Identifier les facteurs de risque

Un second modèle doit permettre de prédire l’évolution de la myopie en fonction des facteurs environnementaux et comportementaux, comme le manque d’activités en extérieur pendant l’enfance.

L’objectif est d’aboutir à des traitements véritablement personnalisés, adaptés au profil et au mode de vie de chaque patient.

Une vaste étude clinique déjà lancée

Afin d’alimenter ces modèles, EssilorLuxottica a lancé en 2025 la cohorte « Premyom 1000 ». Cette étude suit actuellement 300 enfants équipés de solutions destinées à ralentir la myopie.

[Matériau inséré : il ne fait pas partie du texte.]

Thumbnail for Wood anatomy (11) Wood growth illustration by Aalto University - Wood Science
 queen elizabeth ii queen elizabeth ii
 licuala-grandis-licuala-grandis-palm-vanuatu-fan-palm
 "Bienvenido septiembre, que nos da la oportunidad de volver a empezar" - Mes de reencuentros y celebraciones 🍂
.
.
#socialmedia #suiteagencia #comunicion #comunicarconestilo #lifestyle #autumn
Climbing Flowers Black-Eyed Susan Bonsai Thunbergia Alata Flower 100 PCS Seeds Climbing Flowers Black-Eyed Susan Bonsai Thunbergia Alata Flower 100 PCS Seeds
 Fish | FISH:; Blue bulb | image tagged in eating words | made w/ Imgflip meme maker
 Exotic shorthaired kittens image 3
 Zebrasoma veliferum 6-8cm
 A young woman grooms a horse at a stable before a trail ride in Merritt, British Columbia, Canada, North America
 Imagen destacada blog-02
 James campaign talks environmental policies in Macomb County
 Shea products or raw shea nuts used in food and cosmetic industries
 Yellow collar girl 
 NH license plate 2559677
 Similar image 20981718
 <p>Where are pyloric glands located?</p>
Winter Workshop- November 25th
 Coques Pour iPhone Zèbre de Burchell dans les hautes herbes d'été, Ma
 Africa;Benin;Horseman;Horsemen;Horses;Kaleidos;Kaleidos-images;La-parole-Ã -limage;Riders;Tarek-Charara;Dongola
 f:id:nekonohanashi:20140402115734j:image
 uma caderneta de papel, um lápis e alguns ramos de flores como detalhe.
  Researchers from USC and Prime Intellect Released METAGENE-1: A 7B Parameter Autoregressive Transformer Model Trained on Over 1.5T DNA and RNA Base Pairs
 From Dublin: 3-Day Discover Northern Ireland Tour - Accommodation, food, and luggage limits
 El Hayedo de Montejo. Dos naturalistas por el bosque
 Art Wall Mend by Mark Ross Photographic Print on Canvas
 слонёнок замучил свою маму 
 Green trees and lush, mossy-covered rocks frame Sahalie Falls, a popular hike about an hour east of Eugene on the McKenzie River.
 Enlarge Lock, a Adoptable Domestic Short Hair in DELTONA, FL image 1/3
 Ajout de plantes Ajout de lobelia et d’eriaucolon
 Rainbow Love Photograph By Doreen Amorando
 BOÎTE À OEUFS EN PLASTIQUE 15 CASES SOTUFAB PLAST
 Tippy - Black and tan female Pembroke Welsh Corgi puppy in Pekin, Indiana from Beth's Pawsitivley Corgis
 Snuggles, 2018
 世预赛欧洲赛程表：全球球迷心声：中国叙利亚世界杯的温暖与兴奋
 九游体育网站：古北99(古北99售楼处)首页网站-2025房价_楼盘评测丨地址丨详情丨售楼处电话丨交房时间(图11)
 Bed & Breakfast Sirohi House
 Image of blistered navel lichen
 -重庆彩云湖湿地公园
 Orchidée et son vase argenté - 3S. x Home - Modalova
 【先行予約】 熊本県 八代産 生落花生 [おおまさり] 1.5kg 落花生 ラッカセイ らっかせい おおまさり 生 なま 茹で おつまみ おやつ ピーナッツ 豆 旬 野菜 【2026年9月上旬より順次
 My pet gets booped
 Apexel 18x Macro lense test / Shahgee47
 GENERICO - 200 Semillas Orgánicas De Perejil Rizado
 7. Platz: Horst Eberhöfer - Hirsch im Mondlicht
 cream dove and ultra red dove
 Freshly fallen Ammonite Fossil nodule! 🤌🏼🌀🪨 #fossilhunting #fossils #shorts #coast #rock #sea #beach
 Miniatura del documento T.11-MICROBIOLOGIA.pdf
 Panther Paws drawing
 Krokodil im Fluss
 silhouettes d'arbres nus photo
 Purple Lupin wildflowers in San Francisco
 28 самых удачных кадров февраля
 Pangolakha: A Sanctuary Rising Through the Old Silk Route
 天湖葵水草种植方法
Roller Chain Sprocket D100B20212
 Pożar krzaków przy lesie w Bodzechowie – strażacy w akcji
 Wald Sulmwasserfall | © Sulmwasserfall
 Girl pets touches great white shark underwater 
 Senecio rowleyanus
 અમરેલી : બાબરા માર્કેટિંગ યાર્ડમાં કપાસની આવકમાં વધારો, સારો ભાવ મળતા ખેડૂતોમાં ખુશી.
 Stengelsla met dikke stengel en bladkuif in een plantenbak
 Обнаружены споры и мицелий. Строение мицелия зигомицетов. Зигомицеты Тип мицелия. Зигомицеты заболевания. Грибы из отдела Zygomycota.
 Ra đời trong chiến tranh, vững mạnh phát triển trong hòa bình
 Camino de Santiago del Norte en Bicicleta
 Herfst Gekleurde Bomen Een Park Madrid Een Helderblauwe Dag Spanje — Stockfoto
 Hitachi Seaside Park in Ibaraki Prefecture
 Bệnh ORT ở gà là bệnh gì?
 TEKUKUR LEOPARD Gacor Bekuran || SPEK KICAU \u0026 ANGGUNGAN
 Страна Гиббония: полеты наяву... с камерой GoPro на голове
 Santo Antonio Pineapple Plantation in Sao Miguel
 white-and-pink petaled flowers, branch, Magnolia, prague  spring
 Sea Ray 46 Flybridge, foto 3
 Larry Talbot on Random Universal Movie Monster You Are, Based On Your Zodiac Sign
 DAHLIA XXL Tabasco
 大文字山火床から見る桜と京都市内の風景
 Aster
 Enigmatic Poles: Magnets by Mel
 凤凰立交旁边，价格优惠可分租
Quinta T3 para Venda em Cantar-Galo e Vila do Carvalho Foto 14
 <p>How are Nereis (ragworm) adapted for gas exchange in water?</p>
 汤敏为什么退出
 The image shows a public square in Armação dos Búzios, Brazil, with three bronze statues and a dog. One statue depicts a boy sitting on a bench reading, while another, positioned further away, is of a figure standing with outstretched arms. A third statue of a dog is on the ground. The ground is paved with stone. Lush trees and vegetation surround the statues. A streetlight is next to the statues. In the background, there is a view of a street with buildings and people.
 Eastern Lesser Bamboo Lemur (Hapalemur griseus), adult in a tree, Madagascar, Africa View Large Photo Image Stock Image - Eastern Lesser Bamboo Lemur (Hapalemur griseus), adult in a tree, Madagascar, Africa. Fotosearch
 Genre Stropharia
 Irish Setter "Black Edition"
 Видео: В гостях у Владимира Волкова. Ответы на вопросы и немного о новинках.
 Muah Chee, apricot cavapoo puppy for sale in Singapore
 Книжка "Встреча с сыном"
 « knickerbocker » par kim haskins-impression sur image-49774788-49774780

À terme, les chercheurs ambitionnent d’observer 1 000 participants sur une période de cinq ans. D’autres études cliniques doivent également permettre de valider les modèles numériques et de développer de nouveaux verres personnalisés.

Une médecine de précision appliquée à la vision

Avec Premyom, la recherche française entend accélérer le développement d’une médecine de précision appliquée à la santé visuelle. En combinant intelligence des données, simulation numérique et optique médicale, les chercheurs espèrent mieux anticiper la progression de la myopie et proposer des traitements plus efficaces dès le plus jeune âge.

Face à une pathologie en forte augmentation partout dans le monde, cette approche pourrait ouvrir une nouvelle étape dans la prévention des troubles visuels sévères.